There are several major types of plants, with different body plans. Some are single celled, others are much more complex. We don’t know how this diversity evolved. Here we use a big dataset to provide new evidence that the different types are very different (even when fossils are included). This is especially true of the structures that they use to reproduce. Assuming that the types evolved from each other, we build a model that shows that intermediates forms once existed; these must have disappeared without trace and we can't be specific about what they were. The major plant types have evolved in unique ways. Types with simple body plans can have lots of diversity in them, so it is not necessary to be complex to be diverse. More complex types tend to have larger gene families within them, so genome duplications are important for plant evolution. The different types of plants don’t appear all at once: each one appears suddenly and in diversity at a different time point (we also completely disprove the idea that the major types all appeared at once). The pattern we find in plants is a similar pattern to that shown by the major types of animals and fungi. 
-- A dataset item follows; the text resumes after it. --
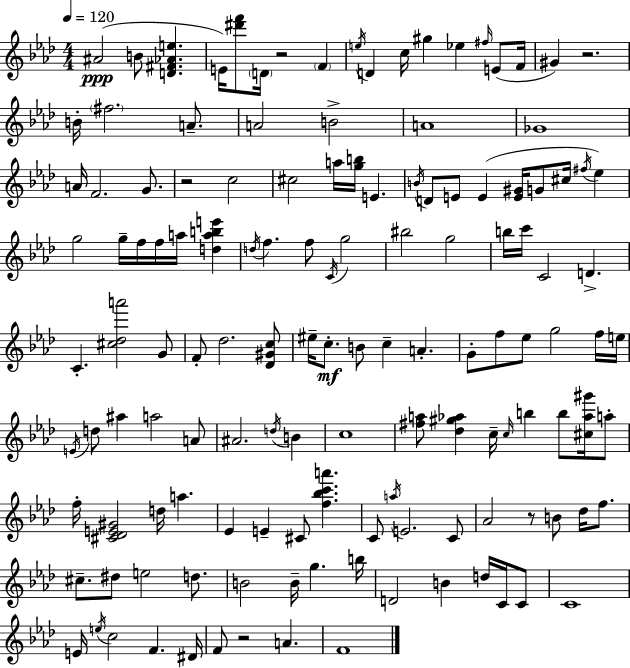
A#4/h B4/e [D4,F#4,Ab4,E5]/q. E4/s [D#6,F6]/e D4/s R/h F4/q E5/s D4/q C5/s G#5/q Eb5/q F#5/s E4/e F4/s G#4/q R/h. B4/s F#5/h. A4/e. A4/h B4/h A4/w Gb4/w A4/s F4/h. G4/e. R/h C5/h C#5/h A5/s [G5,B5]/s E4/q. B4/s D4/e E4/e E4/q [E4,G#4]/s G4/e C#5/s F#5/s Eb5/q G5/h G5/s F5/s F5/s A5/s [D5,A5,B5,E6]/q D5/s F5/q. F5/e C4/s G5/h BIS5/h G5/h B5/s C6/s C4/h D4/q. C4/q. [C#5,Db5,A6]/h G4/e F4/e Db5/h. [Db4,G#4,C5]/e EIS5/s C5/e. B4/e C5/q A4/q. G4/e F5/e Eb5/e G5/h F5/s E5/s E4/s D5/e A#5/q A5/h A4/e A#4/h. D5/s B4/q C5/w [F#5,A5]/e [Db5,G#5,Ab5]/q C5/s C5/s B5/q B5/e [C#5,Ab5,G#6]/s A5/e F5/s [C#4,Db4,E4,G#4]/h D5/s A5/q. Eb4/q E4/q C#4/e [F5,Bb5,C6,A6]/q. C4/e A5/s E4/h. C4/e Ab4/h R/e B4/e Db5/s F5/e. C#5/e. D#5/e E5/h D5/e. B4/h B4/s G5/q. B5/s D4/h B4/q D5/s C4/s C4/e C4/w E4/s E5/s C5/h F4/q. D#4/s F4/e R/h A4/q. F4/w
Judging by the level of engagement this tweet has had, readers seem to have found this interpretation helpful, so I also share it here.
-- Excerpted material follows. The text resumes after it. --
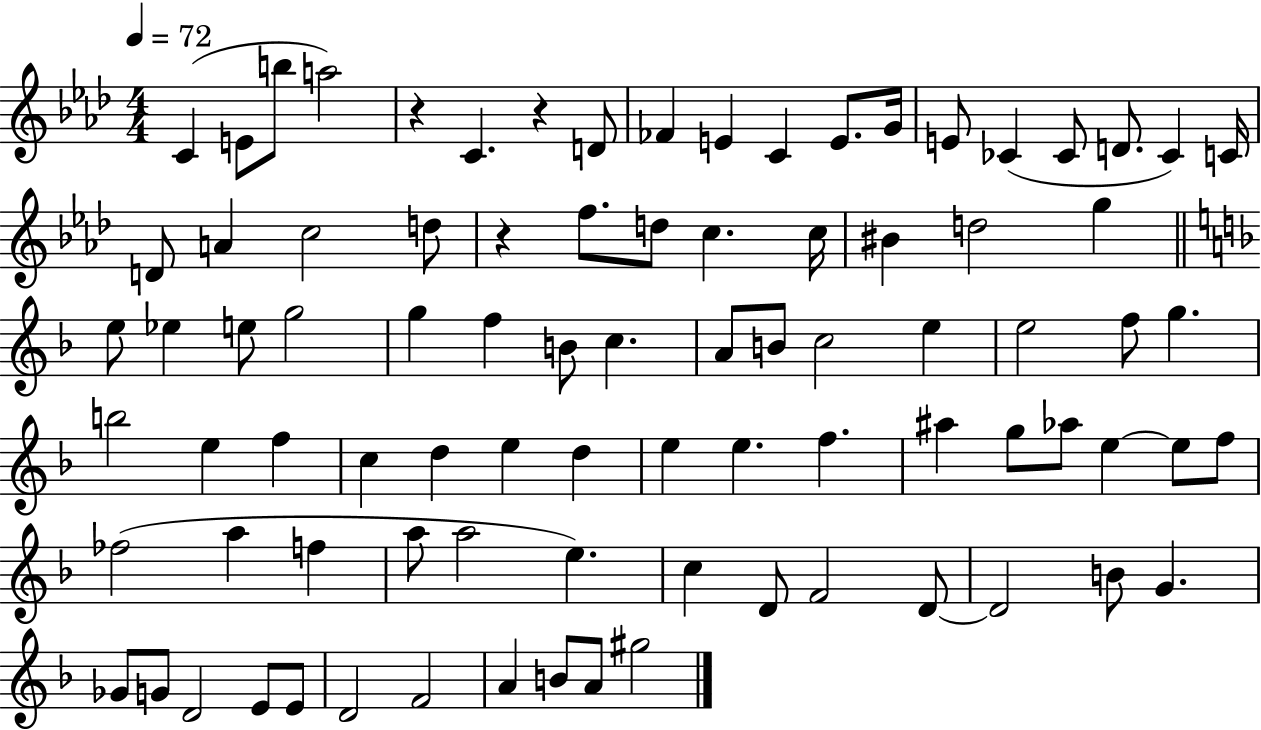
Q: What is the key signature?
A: AES major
The paper states "The morphological distances ... between angiosperms and gymnosperms... are maintained even with the inclusion of fossils". This upholds "Darwin's abominable mystery": the sudden appearance of angiosperm fossils in the Cretaceous with no clear intermediates between them and gymnosperms. I made this point in another tweet and Phil Donoghue FRS, the lead author of the paper responded that this is "surely the greatest conundrum in the whole of palaeontology".

Charles Darwin hoped that future fossil finds would fill the gap between gymnosperms and angiosperms. This was a clear prediction of his theory, a prediction that is corroborated by the model in the present paper. But 150 years after Darwin, we are still looking. The abominable mystery persists.